}
Irene Sendra Server Astrofisikaria

“The main stimulus to be a researcher was and is to be able to contribute to knowledge”

2015/01/09 Galarraga Aiestaran, Ana - Elhuyar Zientzia Iturria: Elhuyar aldizkaria

Ed. Marisol Ramirez/Argazki Press

In the last years of physics studies, Irene Sendra's desire to be a researcher arose. “The professors who touched me at that time, besides good teachers, were researchers and their work attracted me a lot,” he recalled. Thus, in fifth of Physics of the University of Valencia received a scholarship to start his research in the section of Astronomy and Astrophysics.

For Sendra, “being able to contribute to knowledge” was and is the main stimulus to be a researcher. “If necessary, my contribution in my area is more abstract than in other areas.
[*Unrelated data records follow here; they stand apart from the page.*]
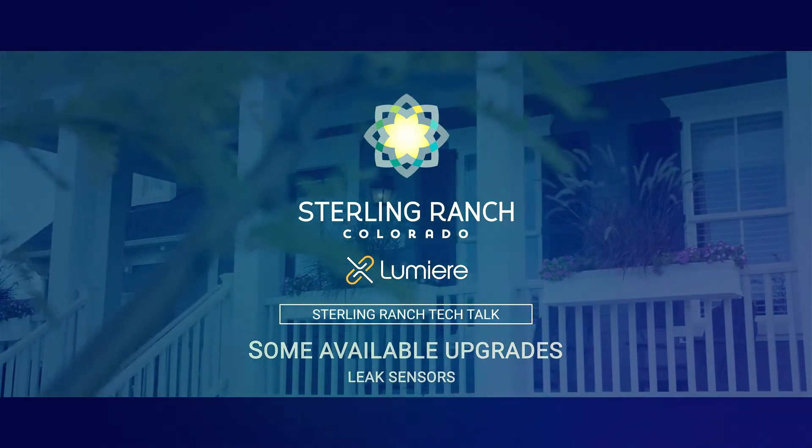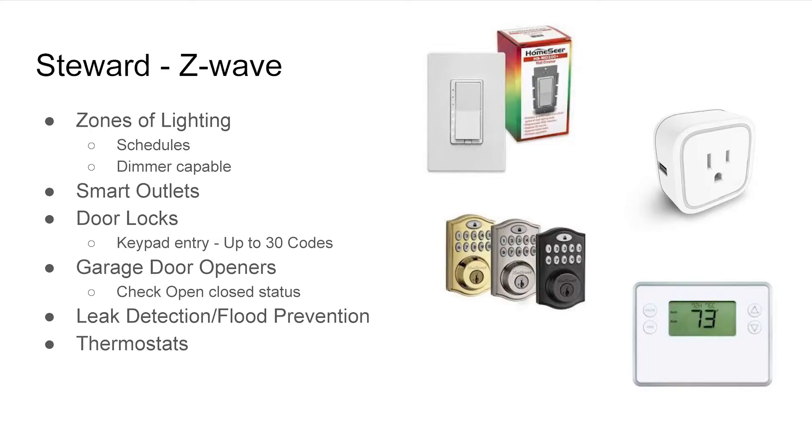We can provide leak detection sensors which leads to flood prevention. Every home here at Sterling Ranch has them. You can actually see them over there on the kiosk, the far left one.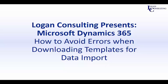Hi, I'm John Hinchey, a consultant for Logan Consulting, and in today's video I'm going to show you how to avoid errors when downloading templates for data import in Microsoft Dynamics 365 for sales.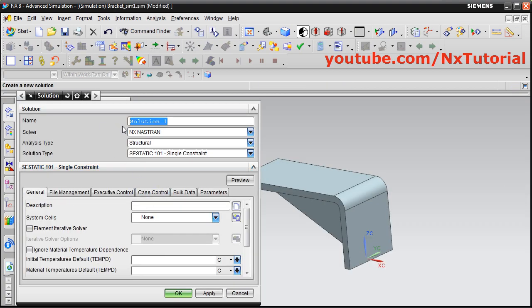We will select the solver as NX Nastran and analysis type as Structural, then click OK. You can give a name to the solution — I will keep Solution 1 as it is. The solver is NX Nastran, analysis type is Structural, and solution type is Static 101 Single Constraint. Single constraint means the same constraint will be applied to sub-cases also.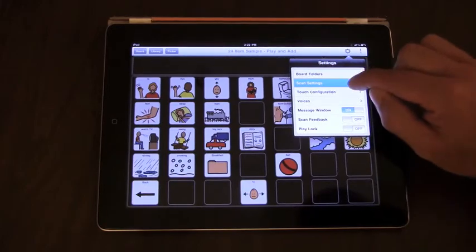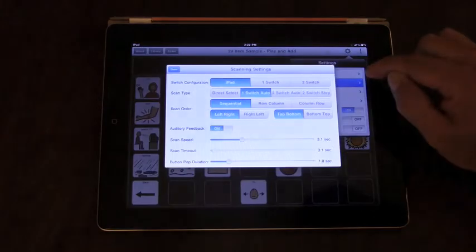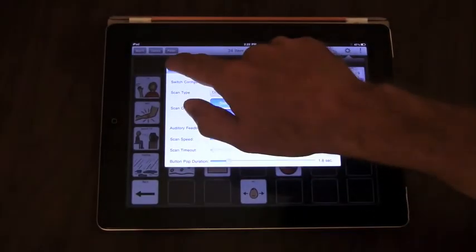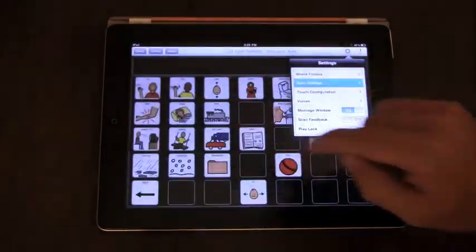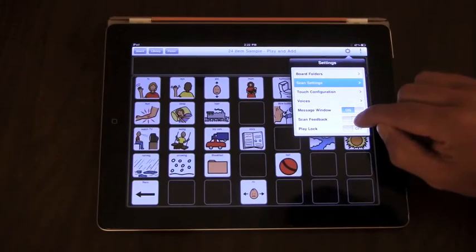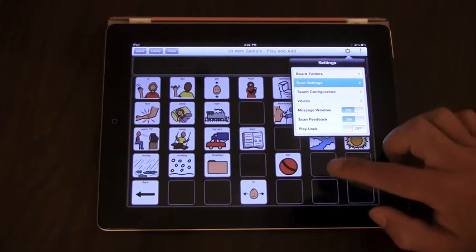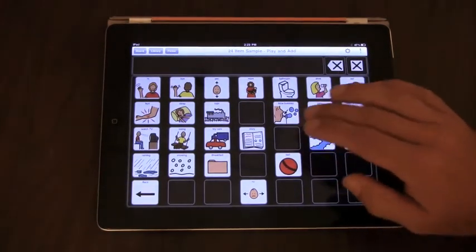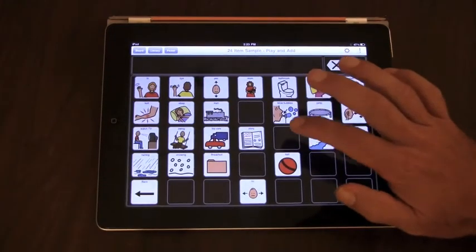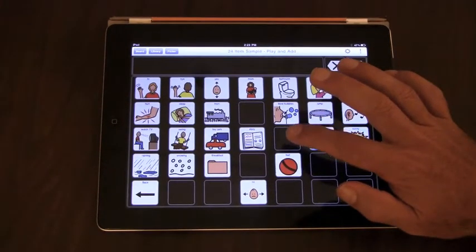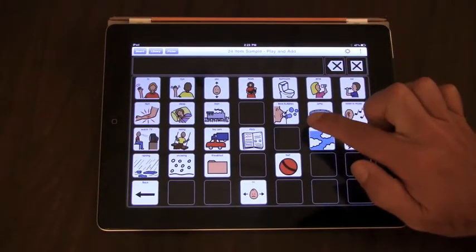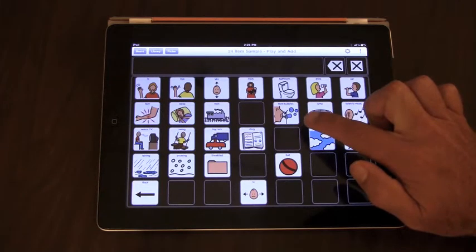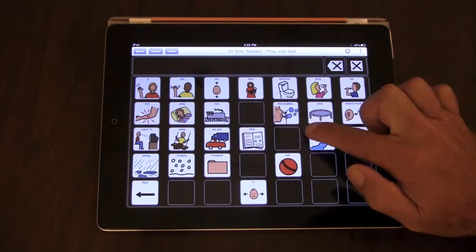So let's try this with the auditory feedback turned off and the scan feedback turned on. Well, here are just sounds to indicate scanning through different items on the app.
That is, one might think that in practice it serves no purpose. But I believe that the advances we make, however small they may be, serve to increase the knowledge of the universe.”

Although he likes research work, sometimes it is also hard, especially when results are not obtained or when the results are not expected by one. “In these cases, at first I try to reach even more demanding results, if I see that I’m not on the right track or I realize that my hypothesis is wrong, I put everything upside down, I forget the previous work and start with another perspective.” This is how revolutions take place, in Sendra's opinion, by rejecting wrong paths and trying new perspectives.

Awards and obstacles

For Sendra the hardest thing to be a researcher is to always be subject to grants and grants, not knowing if you will receive grants: “For me the hardest thing is to live with that uncertainty, because you never know if in the future you will be able to continue with your work and that affects your personal life.”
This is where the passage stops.